The quango bites back
Last year's SATs fiasco has been discussed at some length on this page before, both in terms of why it arose, as well identifying those who should take responsibility.
In fact the answer to the second question is really the answer to the first, and it applies much more broadly to the problems of modern government than just this one issue. For when no one is really responsible for anything, everything quickly goes wrong - as it has done repeatedly at the Department for Children, Schools and Families (DCSF), and did at the QCA over SATs.
Service delivery disasters - such as with SATs or this years scandalous handling of the 'Building Schools for the Future' programme - come about because Government (or more accurately Ministers) have developed a system in which they may avoid political responsibility but maintain managerial control, by out-sourcing tasks to large 'independent' quangos.
Over the past 25 years Governments' have spun a web of 'arms length bodies', agencies and independent authorities, which now carry out most of the vital (and expensive) functions of government. No doubt bodies were occasionally set up with good intentions (to improve efficiency or quality) but too often they exist primarily as a firewall for political responsibility. And as suggested above, the spread of this form of government has elicited a concurrent rise in service delivery disaster, failing the citizen and over-burdening the taxpayer.

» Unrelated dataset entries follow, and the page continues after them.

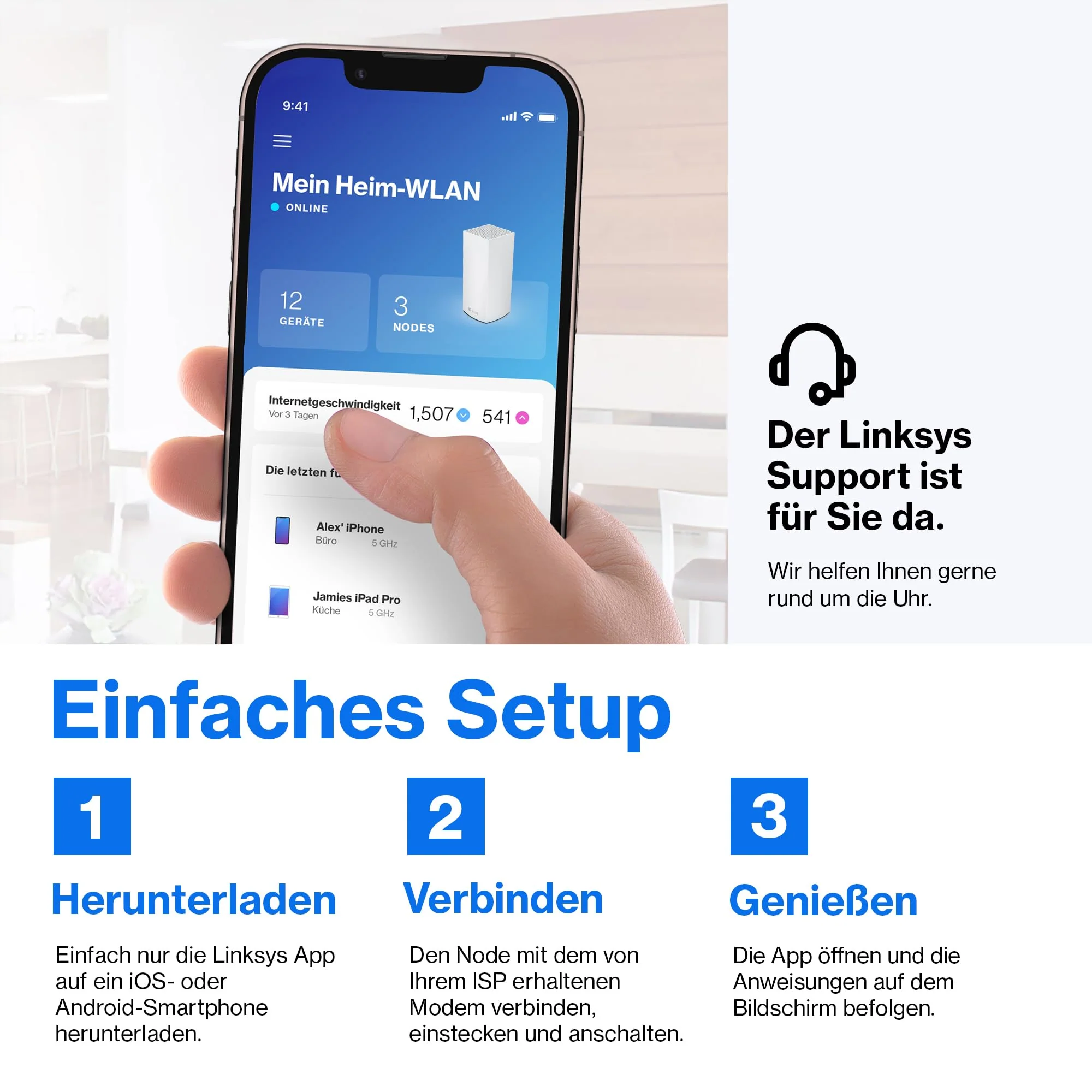 Vorschaubild 6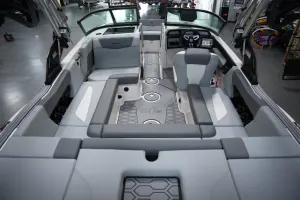 2025-mastercraft--141278-image15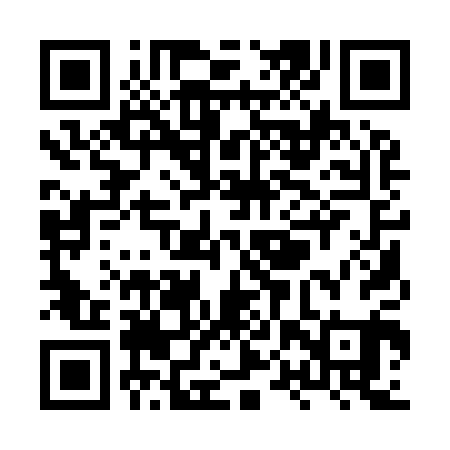QR code for XPQ901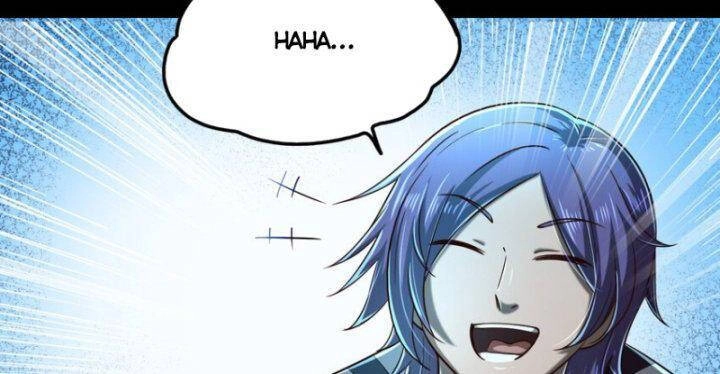 Xuân Thu Bá Đồ Chapter 199 - 27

With critical decisions now taken by several different people in several different bodies, confusion reigns. Investigations into service failures (such the SATs problems) reveal this again and again. But the system subverts the idea of 'responsibility'; with no one really in charge no one can be really held responsible, particularly ministers. At most the extremely well paid head of a quango will fall (or be pushed) onto their sword, no doubt with the promise of more fantastically paid public sector work in the future if they take their handsome compensation package, shut up and disappear for a few years.
But now and then a quango will bite back. The Sunday Times reported yesterday that Sir Ken Boston - chief executive of the quango notionally in charge of examinations (the QCA) during the SATs problems last year, but who has since resigned - is to break the silence he has maintained since his departure. In a session with the Parliamentary Committee for Children, Schools and Families, Boston plans to explode the idea - maintained by Ed Balls and other minister in DCSF - that they had no knowledge that things were going so wrong with the SATs until the last minute. (Although that admission alone should warrant their resignations). Boston will tell the Committee that ministers were fully briefed on the problems, and that in fact ministers and top civil servants had been forewarned that a disaster was possible for years.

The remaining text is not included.